Taxes were payed in installments (Qomī taxpayers preferred monthly payments) and entered into a register as they came in (avāraj and rūz-nāmaj). A balance was set up every month and at the end of the fiscal year and presented to the fiscal authorities by the jahbaḏ. Taxpayers received a certificate of quittance (barāʾa) after payment (Bosworth, 1969, pp. 121-24). The complex structure of the ʿAbbasid dīwāns is best summarized in Sourdel (pp. 581-93).

Tax farming was not the rule in Qom. A tax farmer (żāmen) is somebody who undertakes, for a couple of years, to deliver a fixed amount to the central dīwān at the beginning of the fiscal year; the fixed sum is lower than what is supposed to be the real income of the district (Sourdel, p. 585).
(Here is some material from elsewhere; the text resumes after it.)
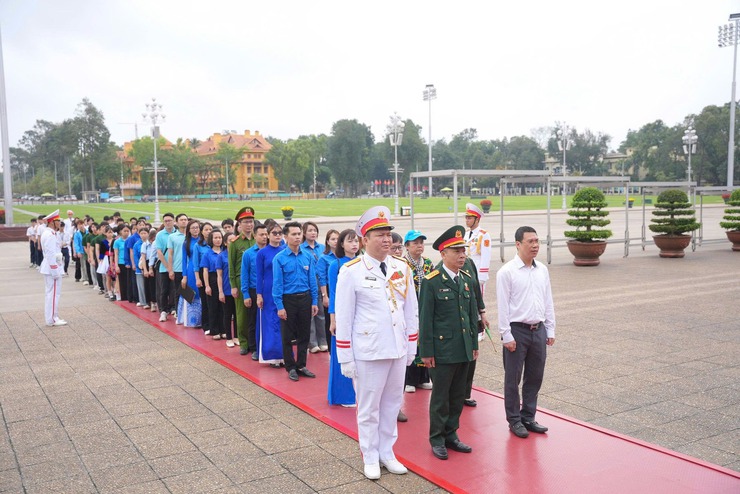 Phường Vĩnh Hưng tổ chức kết nạp đoàn viên mới tại Nhà 67 thuộc Khu di tích Phủ Chủ tịch, bồi đắp lý tưởng cho thế hệ trẻ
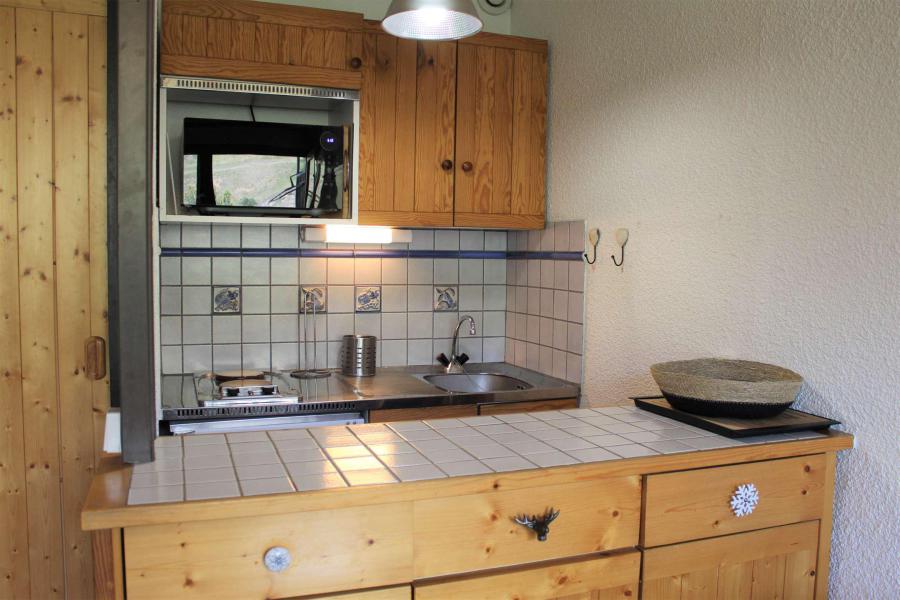 Rent in ski resort Studio sleeping corner 4 people (319) - Résidence Lauzet - Vars - Open-plan kitchen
The tax farmer could, in turn, sublet parts of his district on similar conditions. Tax farming was widely practiced under the ʿAbbasids, who tried very hard to keep control of the system (Løkkegard, pp. 93-98). This means that the fiscal registers were still kept as well as a cadastral survey.

Since the army accounted for most of the state expenses—in a list of expenditures for the province of Sīstān, the army takes up about 80 per cent (Tārīḵ-e Sīstān, pp. 30-32)—the dīwān al-jayš (army department) was an important instrument to control expenditure. Accounting of expenses and revenues was done in different departments during the early ʿAbbasid period. Local financial governors paid salaries of local officials and also other government expenses out of local revenue; thus, they had to disburse whatever benefits were designated by the government to deserving and less deserving people (Mottahedeh, in Camb. Hist Iran IV, p. 81). All local expenses were deducted, only the surplus being sent to the central government. That accounting was conducted primarily on a provincial level is evidenced by the fact that during rural unrest, the registers were burnt (Ebn al-Balḵī, p. 170; Tārīḵ-e Sīstān, pp. 160; in the latter case, the ḵarāj was levied by estimate afterwards, i. e., after the Kharijite revolt in 196/811-12, whereas in the former cases, new registers were established).

The regional states succeeding the ʿAbbasid empire in most of Iran seem to have followed the model of their predecessors (e.g., the Samanids; see Naršaḵī, p. 31) without ever reaching its level of elaboration. It is impossible to know whether mesāḥa measurements were regularly carried out. Tax assessment seems more and more to have evolved into demanding a fixed sum from villages first (Ebn Fondoq, p. 34; ʿAbd-Allāh b. Ṭāher owned 395 villages in the region of Bayhaq, out of which 321 owed ḵarāj and yielded 178,796 dirhams; the remaining 74 owed ʿošr and yielded 57,900 dirhams) and districts later on. Tax farming was common under the Ghaznavids; tax farmers are shown in collusion with local notables, extracting maximal profits (ʿOtbī, tr. Jorfādaqānī, pp. 457 f.; Paul, p. 74). Cooperation with local figures, important at any time, came to be essential. It is above all the notables called raʾīs (headmen) who begin to appear as intermediaries between the taxpayers and either the tax farmer or the financial officer (Mottahedeh, 1973; Lambton, Continuity, pp. 39 f.; Paul, pp. 77-85). Their role seems to have been to preside over the allotment of shares in a tax assessment among the local taxpayers. In a way, previous and even pre-Islamic procedures were thus reestablished (Løkkegaard, p. 167). Assessments tended to be made in lump sums (sometimes, moʿāmala seems to mean just such estimates). The figures known as raʾīs seem to have wielded considerable influence throughout the Saljuq period; in Mongol times, they are shown as “partners” of the provincial administrations who—at least in theory—assessed the taxes with their consent (numerous examples, e.g., in ʿAbd-Allāh b. Moḥammad). Sometimes, they acted more like “officials” and sometimes more like “representatives” of their communities, so that their situation seems to have involved a double loyalty (Paul, pp. 84 ff.; Lambton, 1963).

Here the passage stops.